His Coordinates


The lasting impact… Remembering Prof David Last

Jan 2020 | One Comment

Professor David Last died suddenly in a light aircraft crash near Puffin Island off the coast of Anglesey on 25th November 2019.
Professor David Last held a Personal Chair and was Head of the Radio- Navigation Group at the University of Wales, Bangor until retirement in March 2005 when he became a Professor Emeritus.
He was born in Manchester in 1940 and educated at The Manchester Grammar School. He was awarded the degree of BSc(Eng) by the University of Bristol in 1961, PhD by the University of Sheffield in 1966 and DSc by the University of Wales in 1995.
From 2005-2008, Professor Last was President of the Royal Institute of Navigation. He is a Past-President of the International Loran Association, a Fellow of the Institution of Engineering and Technology and a Chartered Engineer. He has published more than 400 technical and policy papers on navigation and communications systems, including the Global Positioning System (GPS), Loran C and enhanced Loran (eLoran), Galileo and other Global Navigation Satellite Systems, Maritime Differential GPS, Argos, Decca Navigator, and Omega. He acts as a consultant on radio-navigation and communications to companies and to governmental and international organisations and is active as an Expert Witness, especially in forensic matters concerning GPS. He is an instrumentrated pilot and user of terrestrial and satellite navigation systems.
In 2010 he was awarded the Harold Spencer-Jones Gold Medal of the Royal Institute of Navigation and in 2015 the Necho Award of the International Association of Institutes of Navigation.
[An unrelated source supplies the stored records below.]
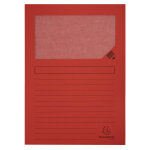 Exacompta chemises � fen�tre forever� 80�feuilles�a4 130�g / m� en carte recycl� rouge - lot de 25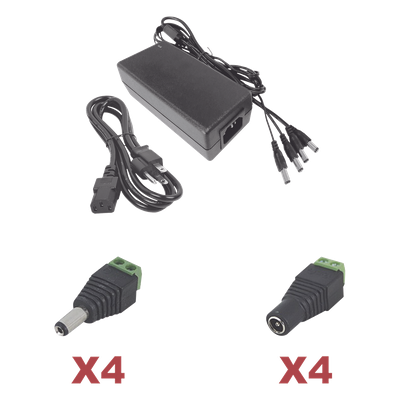 Kit con fuente EPCOM POWER LINE con salida de 12 Vcc a 5 Amper con 4 salidas / Incluye conectores JR52 y JR53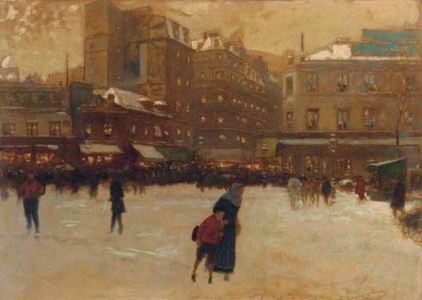 A Parisian street scene in winter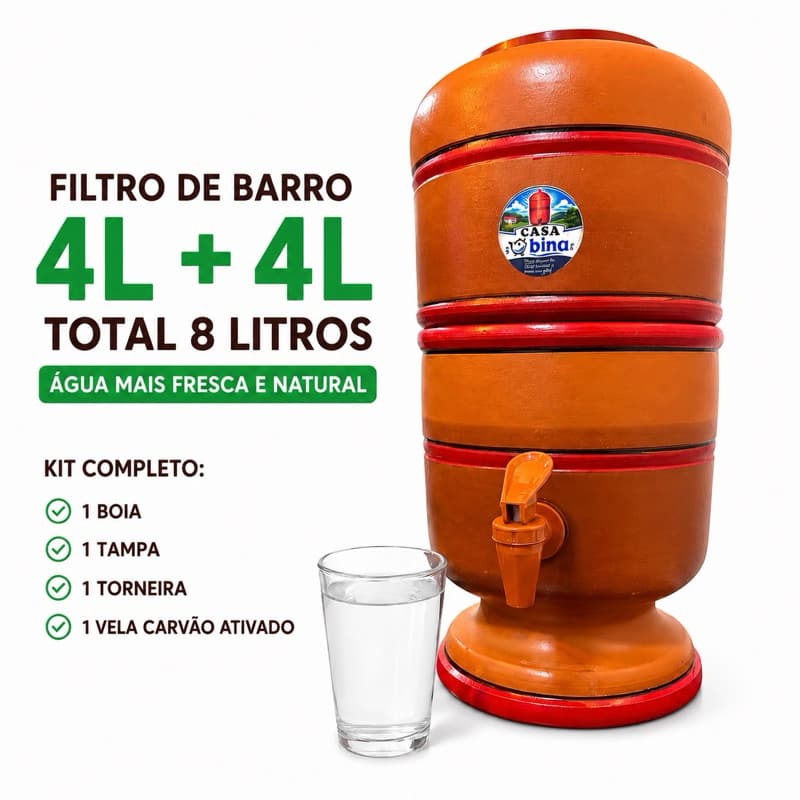Filtro de Barro 4 Litros + 4 Litros Kit Completo 1 Vela Carvão Ativado + 1 Boia + 1 Torneira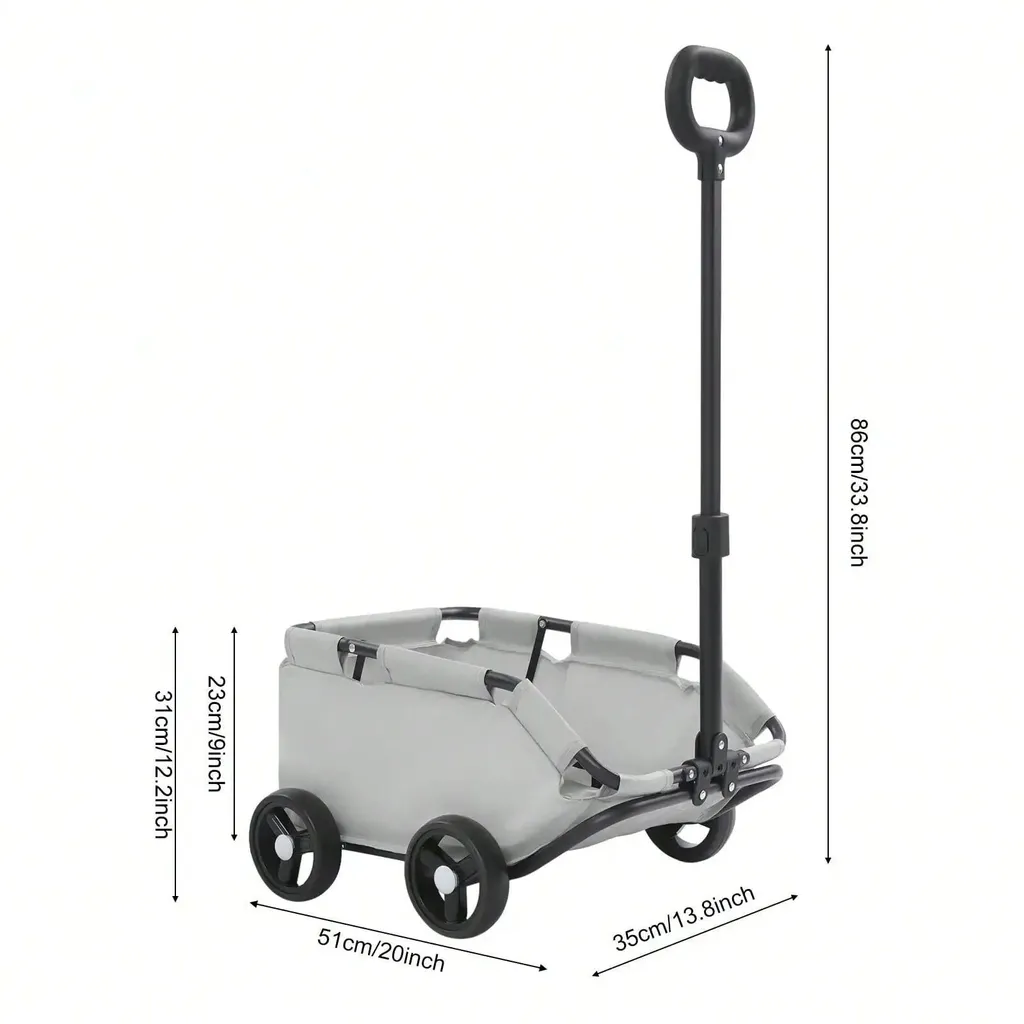 Poussette pour petits animaux pliable et portable avec traction réglable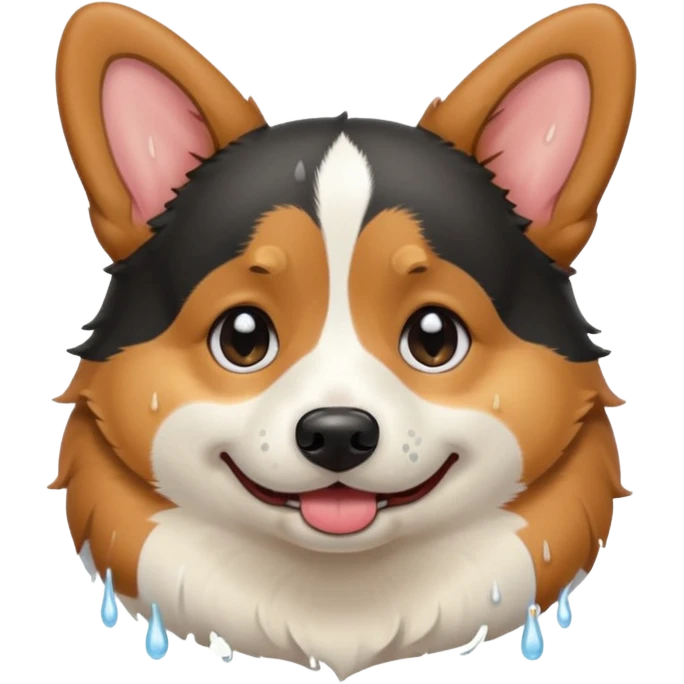 black tricolor corgi with no tail and crying emoji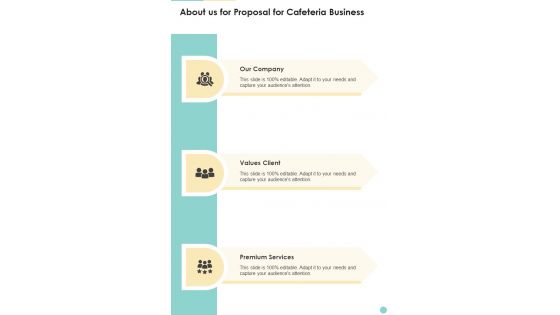 About Us For Proposal For Cafeteria Business One Pager Sample Example Document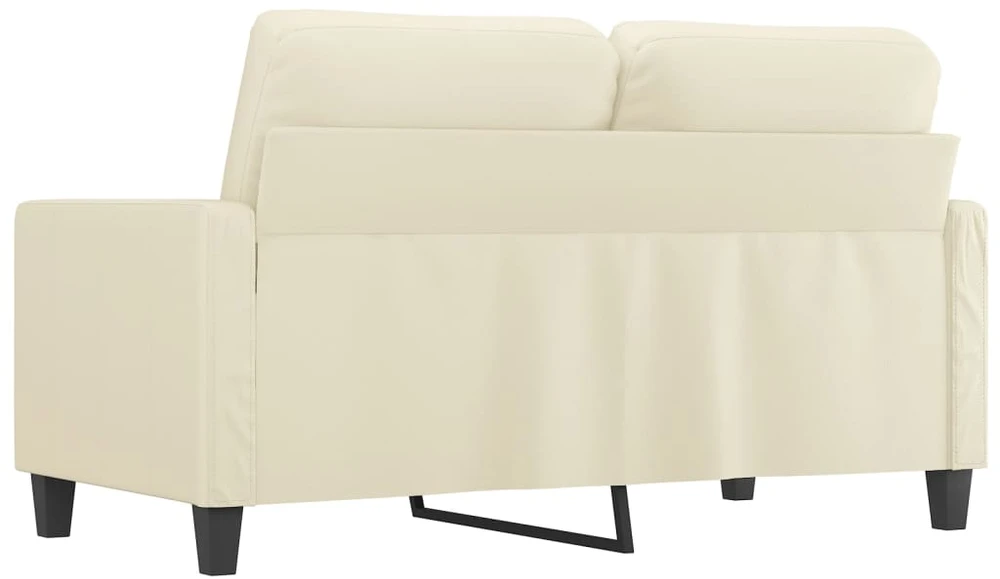 Dvivietė sofa, kreminės spalvos, 120cm, dirbtinė oda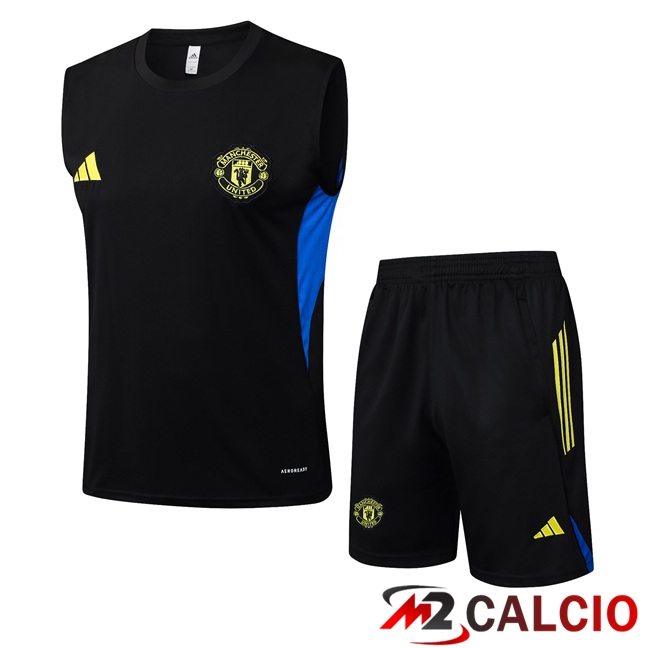 Maglie Calcio Personalizzate,Tute Calcio Squadre,Maglia Nazionale Italiana Calcio | Canotta Allenamento Manchester United + Pantaloncini Nero 2025/2026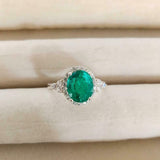 2.3ct Engagement Ring Oval Green Emerald Round Accent Halo 14k White Gold Finish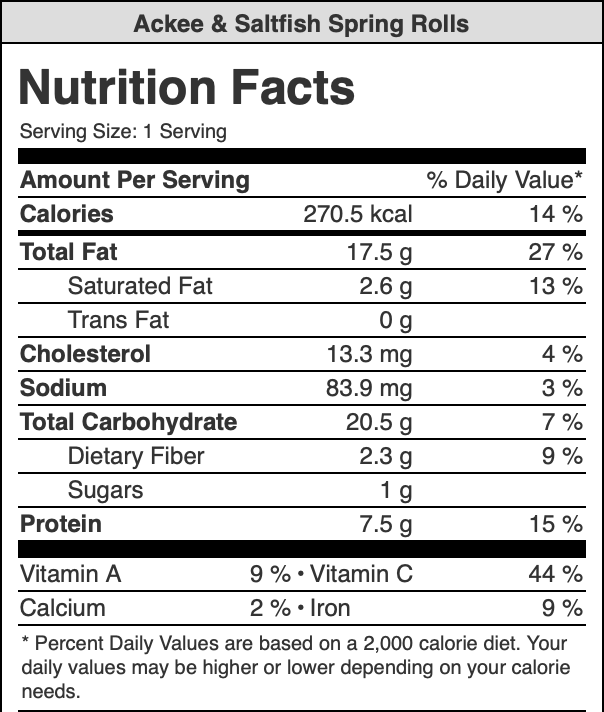 ackee and saltfish egg roll nutrition facts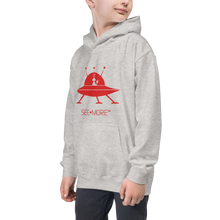 Load image into Gallery viewer, The SEE-MORE Spaceship is Raising Smiles Throughout The Universe. This Hoodie Definitely Raises Galaxy-Size Smiles.
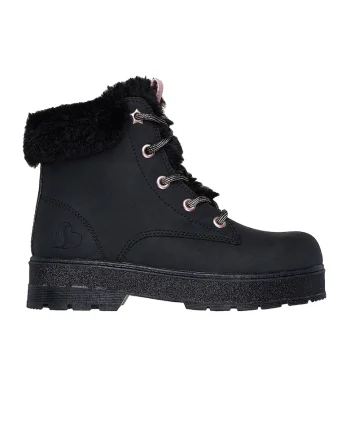 Ghete de piele ecologica cu garnituri de blana sintetica Street Glitz, Negru stins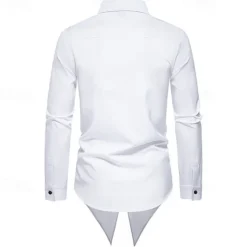 Men's Shirt Casual Shirt Tuxedo Shirts Bronzing Date Casual Daily Black White Blue Long Sleeve Lapel Spring & Fall Clothing Apparel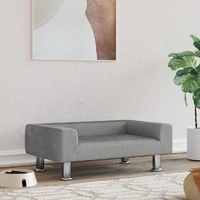Dog Bed Light Grey Velvet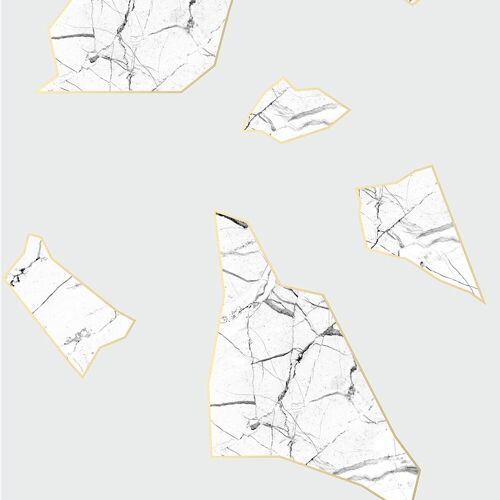 Marble fragment wallpaper-White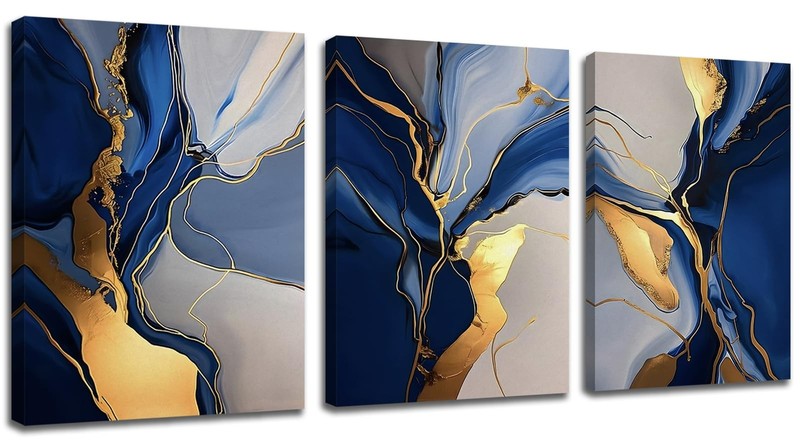 Blue Abstract Canvas Prints Wall Art Decor- Blue and Gold Artwork Paintings P…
We have lost David Last. But his contribution to the domain of GNSS shall remain invaluable. Coordinates have been fortunate to have interacted with him on several occasions on range of topics. As we fondly remember him, following are excerpts of some of the insights that Prof Last shared with us…

On eLoran…

eLoran comes up against a profound prejudice: GNSS replaced an earlier generation of terrestrial radio navigation aids. Recommending a terrestrial system to overcome the vulnerability of a satellite system is to swim against a powerful tide!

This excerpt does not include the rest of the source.